Tim Weah e Weston McKenney fizeram sua estreia competitiva aos 18 anos no Paris Saint-Germain e no Schalke 04, respectivamente.
Outros foram profissionais na adolescência, mas permaneceram nos Estados Unidos. Joe Scully assinou com o New York City FC aos 15 anos, assim como Ricardo Pepi com o FC Dallas; Tyler Adams com o New York Red Bulls aos 16 anos; Alex Freeman com Orlando City aos 17; Dois dias antes de seu aniversário de 18 anos, Auston Trusty assinou com o Philadelphia Union, que também convocou Brendan Aaronson. Haji Wright passou um tempo adolescente no reencarnado Cosmos, então um time da liga secundária, antes de se mudar para o Schalke.
Desde que existe, a USMNT tem beneficiado e cultivado ativamente o talento que chega às nossas costas com cada vaga de imigração. Mas também beneficiou da forte procriação de crianças de ascendência europeia pelas nossas forças armadas estacionadas no estrangeiro. Dezenas desses jogadores, produto de uma espécie de química entre a natureza e a criação, caíram no colo da USMNT e de seus treinadores. Esta equipa não é diferente, tendo adquirido Sargino Dest da Holanda e Malik Tillman da Alemanha, ambos filhos de militares americanos. Anthony Robinson nasceu na Inglaterra, filho de pai americano, embora trabalhasse com TI.
E depois há o delicioso aumento da cidadania por nascença, que acidentalmente trouxe Folarin Balogun para o grupo – a sua mãe planeava regressar a Inglaterra antes do nascimento do seu bebé, apenas para ser informada pela companhia aérea de que ela estava demasiado perto da data prevista para o parto. Yunus Musah, que estava na seleção para a Copa do Mundo de 2022, aconteceu quase o mesmo com o programa USMNT. E assim acontece, Johnny Cardoso – que perdeu esta Copa do Mundo devido a lesão – cujos pais brasileiros o deixaram em Nova Jersey antes de voltar para casa alguns meses depois.
Uma combinação de academias de futebol universitário e da MLS, um emaranhado de ligas menores e alguma combinação de todos os itens acima é frequentemente considerada desordenada e ineficiente. Essa grande bagunça é vista como uma fraqueza, um anacronismo, um sinal de que ainda há algo errado com a nossa estrutura. Mas vale a pena perguntar se a funcionalidade é realmente o objetivo aqui. Mais futebol não é melhor por definição?

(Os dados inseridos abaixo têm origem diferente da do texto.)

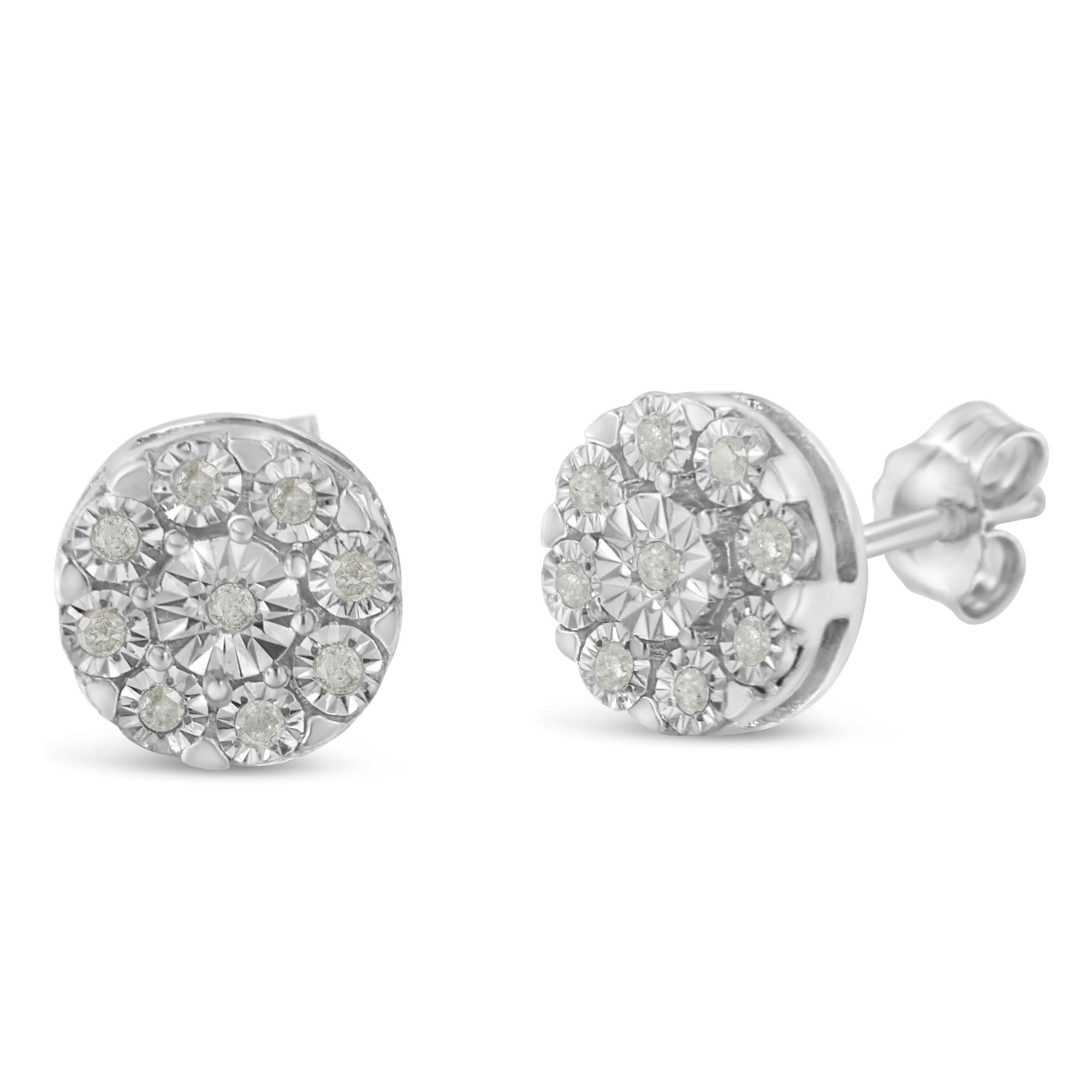Contemporary .925 Sterling Silver 1/5 Carat Miracle Plate Set Round Diamond Halo Stud Earring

Com a abertura de mais pipelines, é provável que surjam mais jogadores, todos no seu próprio tempo e na sua própria jornada.
Afinal de contas, não oferecemos as mesmas oportunidades a todas as comunidades – no futebol como em todas as outras coisas. Nosso sistema juvenil de elite nos Estados Unidos atende quase exclusivamente à classe média alta, mas criamos uma seleção masculina sênior que desafia essa estrutura e essa rigidez. A deliciosa diversidade do grupo atraiu zombaria do Departamento de Segurança Interna Postagem nojenta de “nosso solo” na mídia social antes da vitória do USMNT por 2 a 0 sobre a Austrália na sexta-feira. Afinal de contas, a administração Trump está a fazer todos os esforços para livrar a nação da cidadania de nascença.
Independentemente de como chegaram à seleção nacional, esses jogadores acabaram chegando lá e formaram a versão mais talentosa e com pedigree desta seleção. Este grupo reflete uma nação que oferece um pouco de tudo e um pouco de todos, porque há muitas maneiras de o fazer. No entanto, a equipa de futebol masculino que representa esta nação é singularmente diversificada, em todos os sentidos, e é ainda melhor para ela.
O sistema de futebol dos EUA tem um problema de diversidade; A Seleção Masculina dos EUA de 2026 não.
Leander Schaerlaeckens é o autor de The Long Game: US Men’s Soccer and Its Savage, Four-Decade Journey to the Top, or Thereabouts. que saiu agora. Ele leciona na Universidade Marista.